[Opening SOURCE MATERIAL section]

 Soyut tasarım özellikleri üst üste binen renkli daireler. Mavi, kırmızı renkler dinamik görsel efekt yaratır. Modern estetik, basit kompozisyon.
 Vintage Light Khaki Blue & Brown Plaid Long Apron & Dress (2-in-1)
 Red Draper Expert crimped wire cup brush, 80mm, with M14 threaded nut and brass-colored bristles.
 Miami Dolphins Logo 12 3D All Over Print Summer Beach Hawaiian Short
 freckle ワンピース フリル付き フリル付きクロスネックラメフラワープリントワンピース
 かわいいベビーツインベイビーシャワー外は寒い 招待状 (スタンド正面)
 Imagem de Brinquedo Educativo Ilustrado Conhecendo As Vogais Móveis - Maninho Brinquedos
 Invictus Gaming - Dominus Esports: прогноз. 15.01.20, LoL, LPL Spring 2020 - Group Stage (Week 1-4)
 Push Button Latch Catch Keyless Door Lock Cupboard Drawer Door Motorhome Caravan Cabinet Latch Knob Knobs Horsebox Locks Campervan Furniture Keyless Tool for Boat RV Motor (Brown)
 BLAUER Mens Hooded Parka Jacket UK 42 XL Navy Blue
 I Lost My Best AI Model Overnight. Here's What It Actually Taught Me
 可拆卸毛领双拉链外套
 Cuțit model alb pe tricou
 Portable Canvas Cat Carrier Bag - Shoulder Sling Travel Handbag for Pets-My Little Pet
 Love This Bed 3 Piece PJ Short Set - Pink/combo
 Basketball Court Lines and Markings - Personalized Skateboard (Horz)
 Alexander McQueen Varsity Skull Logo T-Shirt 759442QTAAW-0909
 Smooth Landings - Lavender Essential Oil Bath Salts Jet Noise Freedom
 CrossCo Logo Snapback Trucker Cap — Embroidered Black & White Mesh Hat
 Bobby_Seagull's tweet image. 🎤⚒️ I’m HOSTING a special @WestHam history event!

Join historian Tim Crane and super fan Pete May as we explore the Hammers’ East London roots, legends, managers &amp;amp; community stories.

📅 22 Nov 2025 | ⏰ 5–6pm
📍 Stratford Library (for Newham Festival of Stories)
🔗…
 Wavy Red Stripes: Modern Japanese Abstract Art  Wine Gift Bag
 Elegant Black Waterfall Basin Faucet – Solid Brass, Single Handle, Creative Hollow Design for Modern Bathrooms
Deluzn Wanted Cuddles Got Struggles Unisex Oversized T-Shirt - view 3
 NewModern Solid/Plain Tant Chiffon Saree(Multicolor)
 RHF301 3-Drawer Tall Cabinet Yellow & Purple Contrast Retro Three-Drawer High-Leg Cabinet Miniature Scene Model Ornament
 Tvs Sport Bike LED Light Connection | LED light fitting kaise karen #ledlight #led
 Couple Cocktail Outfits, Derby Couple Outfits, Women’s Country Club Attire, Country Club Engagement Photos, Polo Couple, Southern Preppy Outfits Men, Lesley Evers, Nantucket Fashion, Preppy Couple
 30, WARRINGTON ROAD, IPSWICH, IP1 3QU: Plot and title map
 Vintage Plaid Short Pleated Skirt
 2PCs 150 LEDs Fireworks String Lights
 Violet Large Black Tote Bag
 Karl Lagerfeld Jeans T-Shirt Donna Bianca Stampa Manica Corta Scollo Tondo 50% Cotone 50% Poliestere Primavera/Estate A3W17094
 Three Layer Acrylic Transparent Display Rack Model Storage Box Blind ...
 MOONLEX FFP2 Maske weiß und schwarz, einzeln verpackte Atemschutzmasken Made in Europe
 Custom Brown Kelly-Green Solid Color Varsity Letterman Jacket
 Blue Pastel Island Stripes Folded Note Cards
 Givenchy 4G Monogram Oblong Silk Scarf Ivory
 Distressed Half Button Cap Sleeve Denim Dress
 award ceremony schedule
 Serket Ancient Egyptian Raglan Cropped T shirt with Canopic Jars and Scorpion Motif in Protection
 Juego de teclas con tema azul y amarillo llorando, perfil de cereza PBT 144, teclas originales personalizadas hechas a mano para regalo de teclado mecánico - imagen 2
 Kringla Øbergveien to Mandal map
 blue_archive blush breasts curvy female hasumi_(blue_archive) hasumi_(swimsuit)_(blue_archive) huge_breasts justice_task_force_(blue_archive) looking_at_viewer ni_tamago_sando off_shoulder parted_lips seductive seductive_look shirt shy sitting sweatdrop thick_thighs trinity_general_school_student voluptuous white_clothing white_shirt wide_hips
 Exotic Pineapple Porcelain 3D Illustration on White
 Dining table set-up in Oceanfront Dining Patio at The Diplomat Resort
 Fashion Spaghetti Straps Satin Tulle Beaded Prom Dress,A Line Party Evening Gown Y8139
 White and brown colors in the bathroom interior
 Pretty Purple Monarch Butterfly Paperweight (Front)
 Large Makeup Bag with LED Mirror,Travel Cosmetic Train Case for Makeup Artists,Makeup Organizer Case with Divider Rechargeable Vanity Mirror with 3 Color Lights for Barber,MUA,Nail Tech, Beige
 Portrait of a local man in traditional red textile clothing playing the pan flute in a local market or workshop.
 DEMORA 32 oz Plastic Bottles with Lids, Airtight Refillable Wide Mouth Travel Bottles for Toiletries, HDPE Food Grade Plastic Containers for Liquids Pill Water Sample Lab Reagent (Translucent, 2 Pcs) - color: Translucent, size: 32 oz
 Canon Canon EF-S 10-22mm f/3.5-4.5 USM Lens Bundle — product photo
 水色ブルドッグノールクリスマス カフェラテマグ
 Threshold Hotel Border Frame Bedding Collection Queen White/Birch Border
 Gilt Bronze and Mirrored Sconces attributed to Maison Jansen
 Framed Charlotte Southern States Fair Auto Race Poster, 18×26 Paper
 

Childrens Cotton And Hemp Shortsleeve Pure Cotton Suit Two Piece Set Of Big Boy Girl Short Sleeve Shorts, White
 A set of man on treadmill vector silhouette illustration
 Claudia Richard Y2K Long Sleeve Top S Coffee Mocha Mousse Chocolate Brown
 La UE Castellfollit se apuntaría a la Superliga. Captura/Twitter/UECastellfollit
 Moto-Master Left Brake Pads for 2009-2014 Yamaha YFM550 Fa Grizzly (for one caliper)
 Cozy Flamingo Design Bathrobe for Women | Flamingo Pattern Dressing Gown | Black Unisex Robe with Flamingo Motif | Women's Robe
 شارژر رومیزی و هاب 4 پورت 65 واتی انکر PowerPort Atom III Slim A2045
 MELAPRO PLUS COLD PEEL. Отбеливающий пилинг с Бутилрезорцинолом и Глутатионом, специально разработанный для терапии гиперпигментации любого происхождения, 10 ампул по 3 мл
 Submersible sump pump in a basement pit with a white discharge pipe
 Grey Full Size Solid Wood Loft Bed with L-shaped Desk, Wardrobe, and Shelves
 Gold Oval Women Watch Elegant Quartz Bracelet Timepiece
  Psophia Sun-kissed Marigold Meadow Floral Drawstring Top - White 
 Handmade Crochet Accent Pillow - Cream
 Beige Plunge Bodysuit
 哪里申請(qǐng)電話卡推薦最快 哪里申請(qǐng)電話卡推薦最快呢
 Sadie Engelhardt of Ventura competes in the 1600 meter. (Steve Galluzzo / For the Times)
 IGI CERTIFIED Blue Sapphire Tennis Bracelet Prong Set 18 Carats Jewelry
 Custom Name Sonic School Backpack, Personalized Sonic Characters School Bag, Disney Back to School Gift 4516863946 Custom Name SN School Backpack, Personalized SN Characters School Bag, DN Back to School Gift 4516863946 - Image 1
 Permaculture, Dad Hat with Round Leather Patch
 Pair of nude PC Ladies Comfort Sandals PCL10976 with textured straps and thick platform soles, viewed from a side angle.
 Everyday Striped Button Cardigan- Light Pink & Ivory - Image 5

[Closing SOURCE MATERIAL section]

(TASK):
Copy out all lines from the records where the word "Unisex" appears.

(ANSWER SPACE):
Deluzn Wanted Cuddles Got Struggles Unisex Oversized T-Shirt - view 3
 Cozy Flamingo Design Bathrobe for Women | Flamingo Pattern Dressing Gown | Black Unisex Robe with Flamingo Motif | Women's Robe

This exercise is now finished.